It turns out that this is the cause of the drop in the price of FFB, academics state the impact

BANGKAPOS.COM, BANGKA — Lecturer of the Faculty of Economics, University of Bangka Belitung (UBB), Devi Valeriani does not deny, the drop in the price of fresh fruit bunches (FFB) of oil palm among farmers in Bangka Belitung, has an impact on economic growth.

“The decline in global FFB prices also has an impact on local farmers. It is suspected that the cause of the decline is several indications, one of which is the policy of reducing palm oil consumption by India and China by 4.8 million tons per year,” said Devi, Monday (27/27). 6/2022).

Furthermore, he mentioned another indication that echoed the cause of the decline in FFB prices, according to the American Soybean Association (American Soybean Association/ASA), marketed soybean oil to the market in large quantities, namely 2 to 3 million tons.

“Palm farmers everywhere, including Bangka Belitung, scream with this condition. The price they currently get at the collector level is only Rp. 700/kg and at the factory Rp. 1000/kg. This price is felt to be irrational, considering the production costs incurred do not cover from the selling price obtained,” he said.

He did not deny, of course, this condition causes losses for farmers. The impact that will be felt by the decline in FFB prices globally will have an effect on the national and local economy.

“Especially for areas where the mainstay and superior commodity is oil palm. Where when the price of FFB drops drastically, the income of farmers will decrease, then farmer households will reduce consumption and hold back on investing and hold back on making loans,” he explained.
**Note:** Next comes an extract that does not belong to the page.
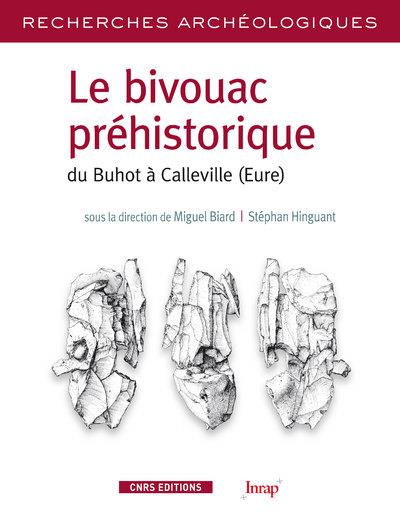 Recherches archéologiques: le bivouac préhistorique - du Buhot à Calleville (Eure)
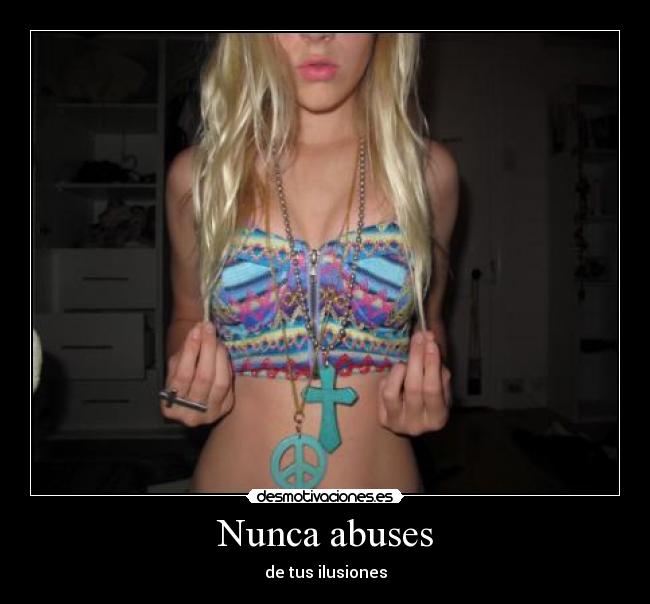 Nunca abuses - de tus ilusiones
He said, this condition will more or less affect regional economic growth, because palm oil is one of a number of plantation commodities that provide a lever for regional economic activity.

“But overall for Bangka Belitung, the decline in palm oil prices will not have an impact on Bangka Belitung’s economic growth, it will drop drastically, because there are other leading commodities that support economic growth, namely tin, rubber and pepper commodities as well as the service sector,” he said.

However, oil palm smallholders remain a concern given the position of oil palm farmers who are an important element of the sustainability of the palm oil sector.

“Palm price fluctuations are not the first time this has happened, so farmers should have carefully anticipated these conditions. This means that farmers are expected to be able to do other alternative businesses and not rely entirely on oil palm, because there are still many other sectors that can be developed, they do not have to rely on one commodities only, so that when the FFB price declines, there are other reliable businesses,” he said.